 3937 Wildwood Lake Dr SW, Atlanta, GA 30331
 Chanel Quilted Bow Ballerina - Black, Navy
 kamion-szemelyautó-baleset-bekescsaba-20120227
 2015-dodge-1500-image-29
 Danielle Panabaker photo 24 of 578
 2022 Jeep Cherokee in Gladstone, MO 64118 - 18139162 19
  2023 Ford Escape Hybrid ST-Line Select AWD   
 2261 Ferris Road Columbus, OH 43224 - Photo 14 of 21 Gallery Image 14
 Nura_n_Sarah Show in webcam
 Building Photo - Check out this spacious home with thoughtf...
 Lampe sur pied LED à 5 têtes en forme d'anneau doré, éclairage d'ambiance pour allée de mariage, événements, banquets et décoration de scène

════

### WORK TO COMPLETE
From the opening line of the data above, please print each line as written up to and including the line that contains "2023 Ford Escape", and nothing more.

### WRITTEN ANSWER
 3937 Wildwood Lake Dr SW, Atlanta, GA 30331
 Chanel Quilted Bow Ballerina - Black, Navy
 kamion-szemelyautó-baleset-bekescsaba-20120227
 2015-dodge-1500-image-29
 Danielle Panabaker photo 24 of 578
 2022 Jeep Cherokee in Gladstone, MO 64118 - 18139162 19
  2023 Ford Escape Hybrid ST-Line Select AWD   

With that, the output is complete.